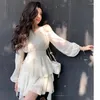 Casual Dresses French White Chiffon Mini Dress Woman Elegant Beading Off Shoulder Long Sleeve Ruffles Hollow Out Spring Female J088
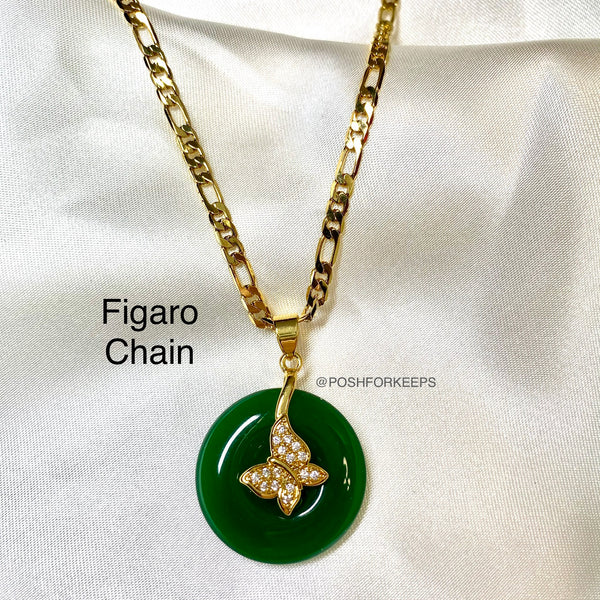 18K GOLD JADE BUTTERFLY NECKLACE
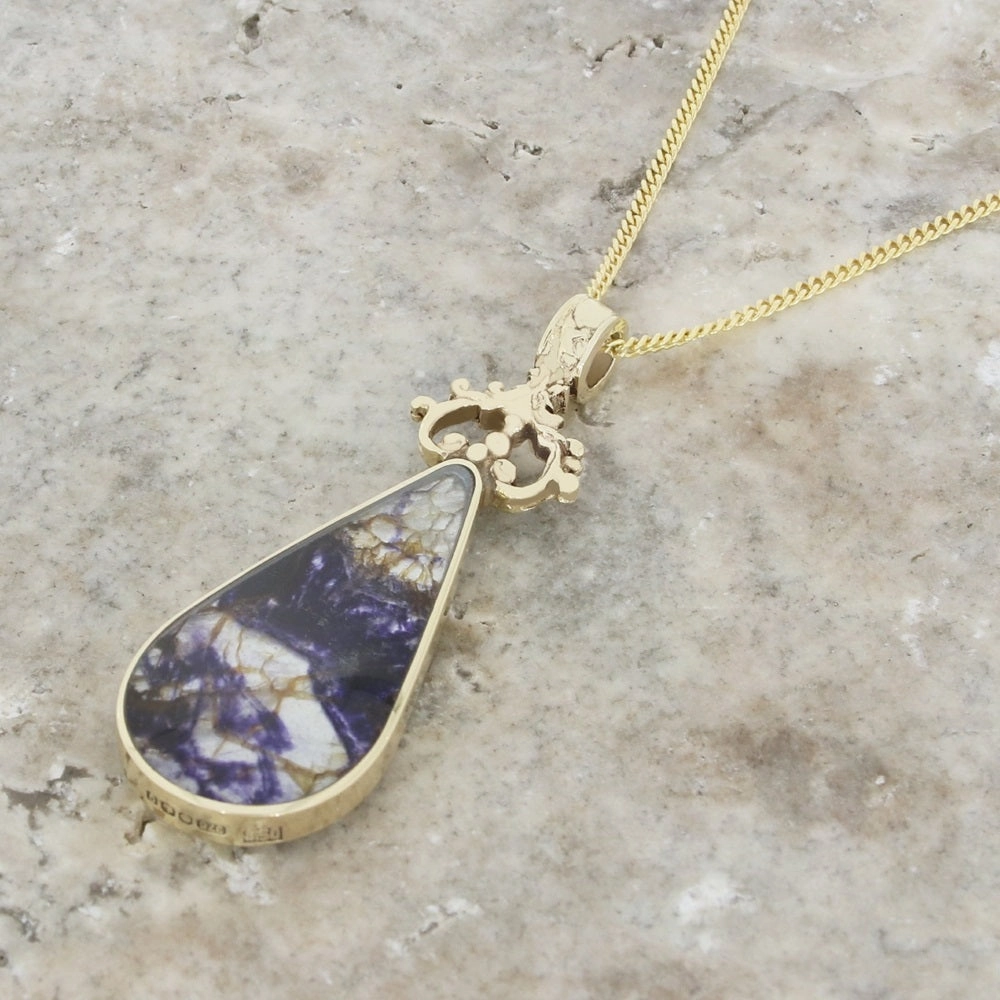 Derbyshire Blue John and Mother of Pearl 9ct Yellow Gold Pear Shape Pendant Necklace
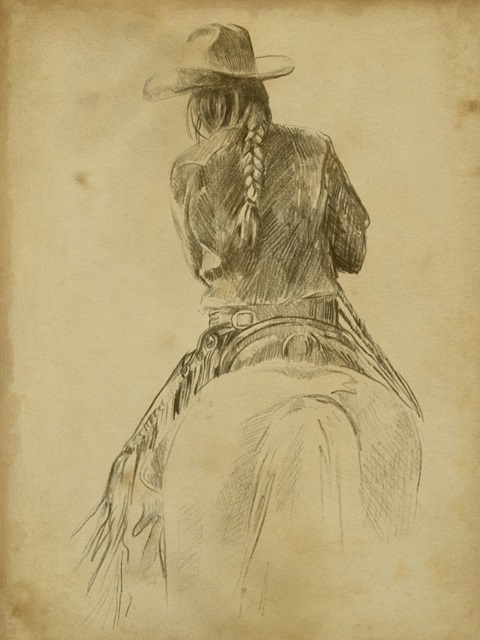 Cowgirl on Horseback I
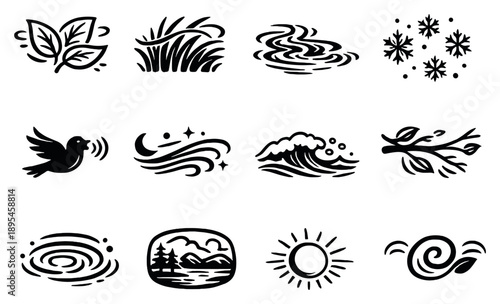 Nature and Environmental Whispers in outline style: rustling leaves, wind through grass, flowing stream ripple, falling snow hush, distant bird call, night. Vector icons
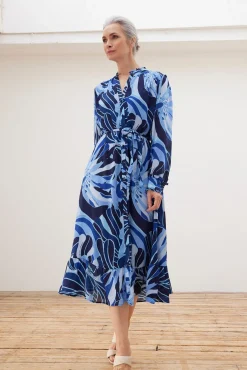 Fabienne Chapot Marina Riviera Blue Floral Midi Dress* Dresses & Jumpsuits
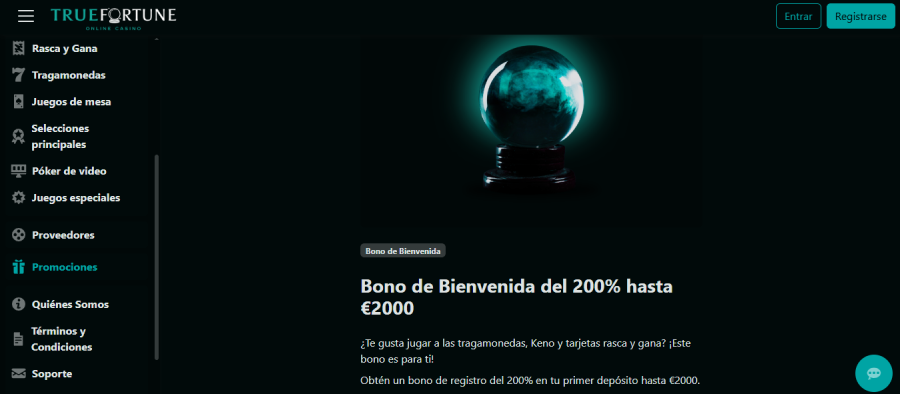 Captura de pantalla True Fortune top casino bono bienvenida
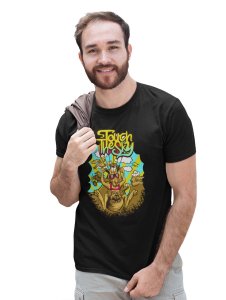 High Jump Kangaroo Black Round Neck Cotton Half Sleeved T-Shirt with Printed Graphics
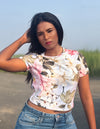 Floral-Satin crop top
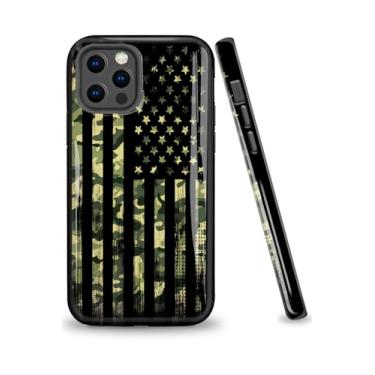 Imagem de ZISKGZO Capa Dual Guard para iPhone 16 Pro 5G, capa rígida de camada dupla + capa de silicone 2 em 1 - capa protetora para celular à prova de choque, camuflagem verde bandeira americana/camuflagem
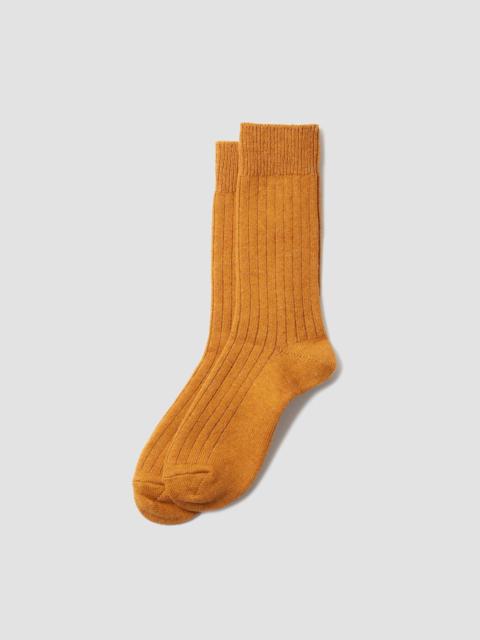 Nigel Cabourn Rototo Cotton Wool Ribbed Crew Sock in Gold
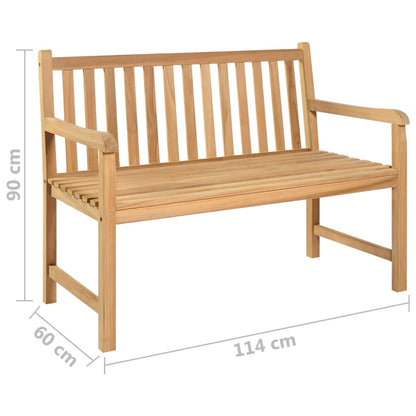 vidaXL Garden Bench | Natural Teak | Solid Teak Wood | Medium | Durable - Brown - 114 cm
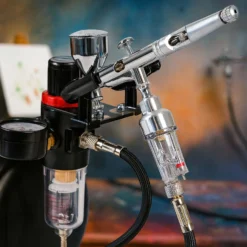 Wiltec Mini Luftfilter mit Wasserabscheider für Airbrush Kompressor, mit 2x 9,51mm (1/8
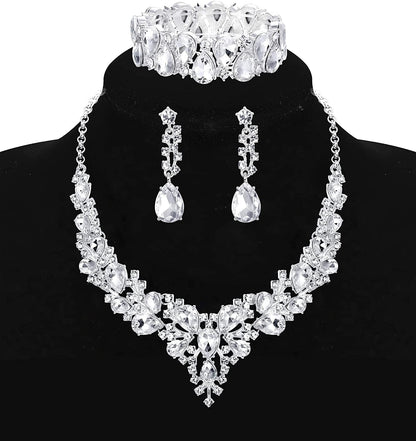 Crystal Bridal Jewelry Sets for Women Necklace Earrings Bracelet Set for Wedding Rhinestone Bridesmaid Gifts Fit with Wedding Dress
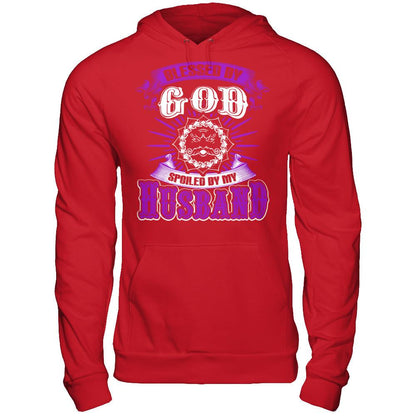 Blessed By God Spoiled By My Husband T-shirt Gildan - Pullover Hoodie Red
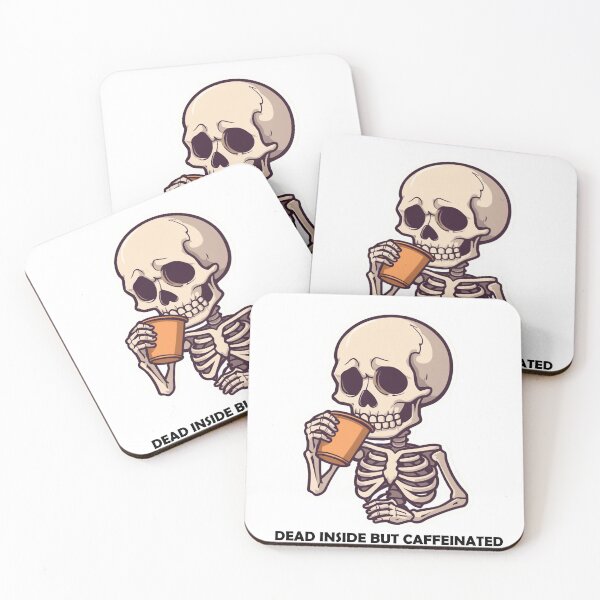 Item preview, Tired Skeleton Drinking Coffee Retro designed and sold by TheAkyolStudio.
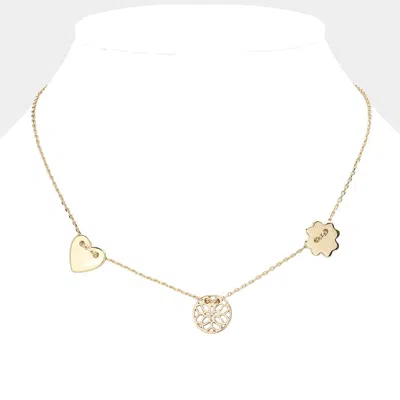 Fashnzfab Metal Heart Filigree Round Pendant Necklace In Gold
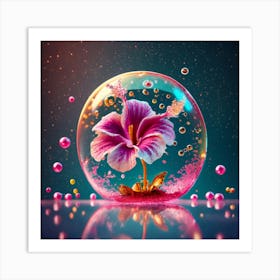 A Golden Hibiscus Inside A Bubble With Pink Glit Art Print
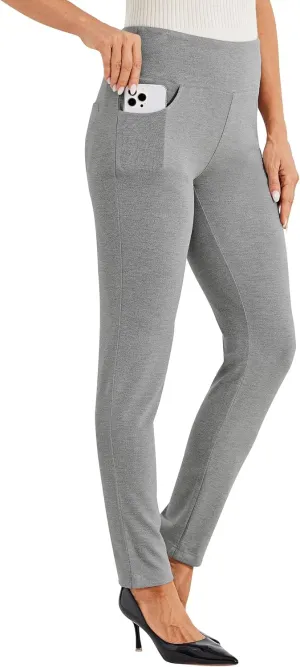 Willit Women's Yoga Dress Pants Skinny Stretch Work Slacks Slim High Waist Casual Pants Petite/Regular 4 Pockets 28"/30"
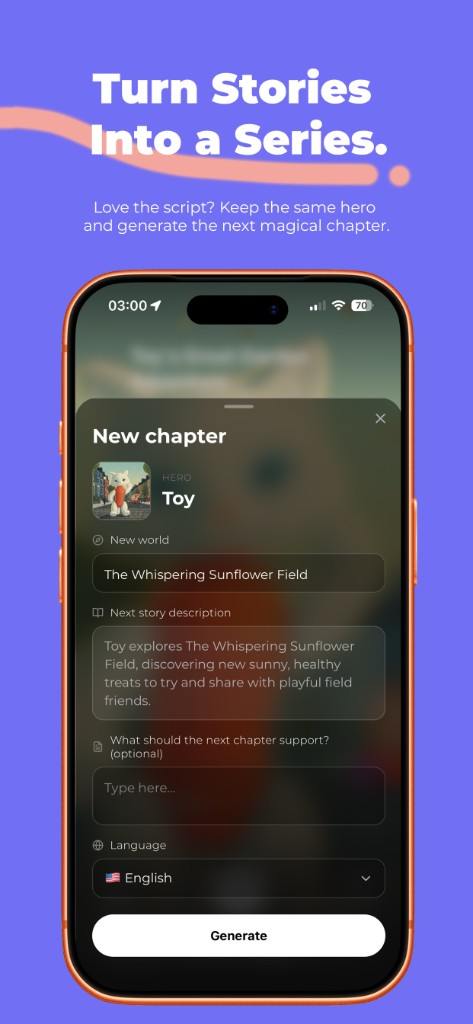New chapter sheet: same hero, new world and story description, Generate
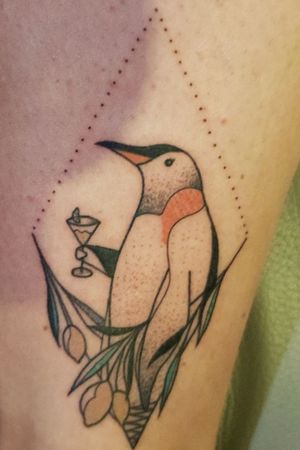 First tattoo by Volja. #volja #penguintattoo #cheers #lemon #penguin 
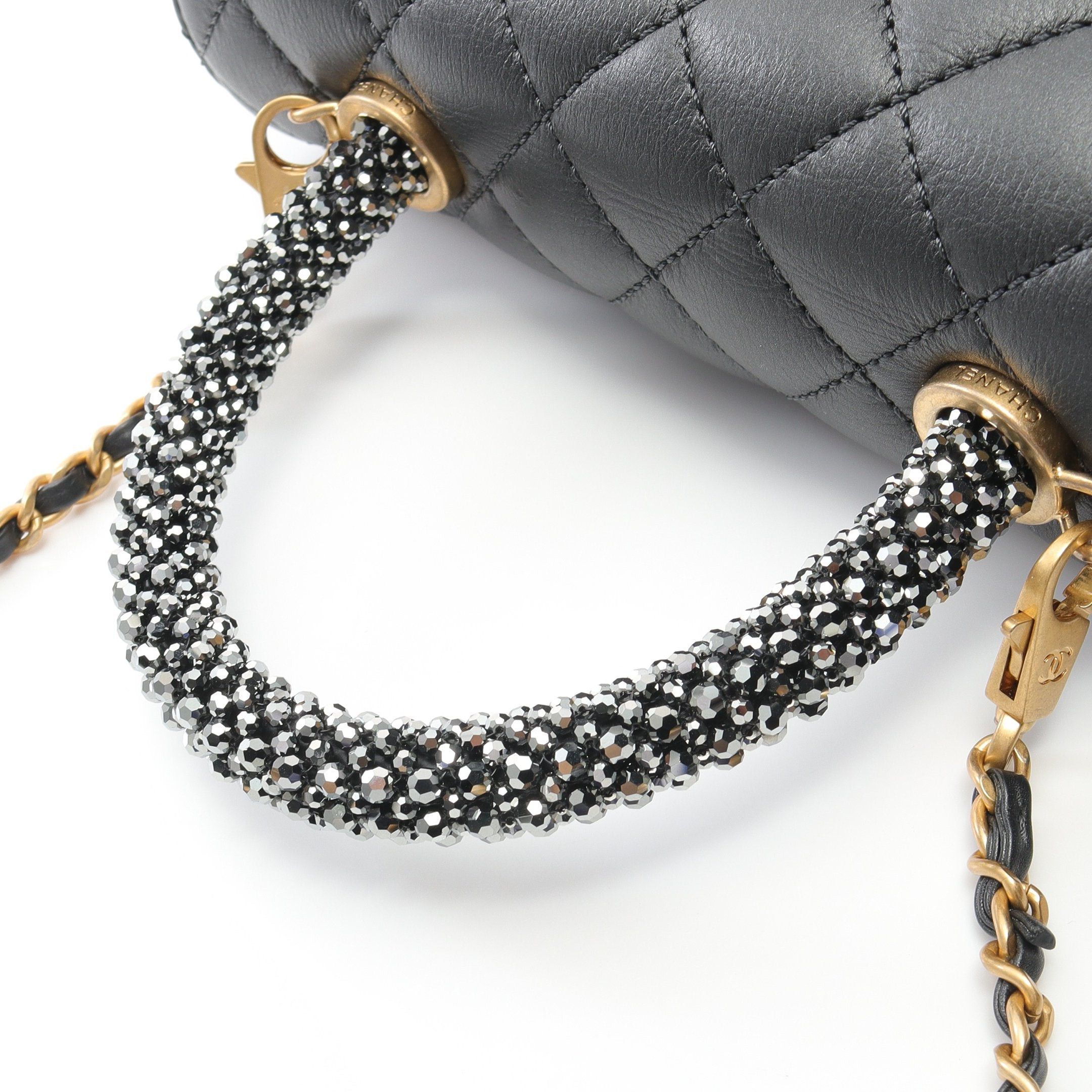 Chanel Chanel Coco Handle Flap Matelasse Handbag Lambskin Black Gold Hardware Size ONE SIZE - 8 Thumbnail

(WORK REQUEST): Your output should be exactly the lines of the records above from the one with "First tattoo by" through the last, both ends included, with pictures excluded.

(ANSWER SPACE):
 First tattoo by Volja. #volja #penguintattoo #cheers #lemon #penguin 
 Chanel Chanel Coco Handle Flap Matelasse Handbag Lambskin Black Gold Hardware Size ONE SIZE - 8 Thumbnail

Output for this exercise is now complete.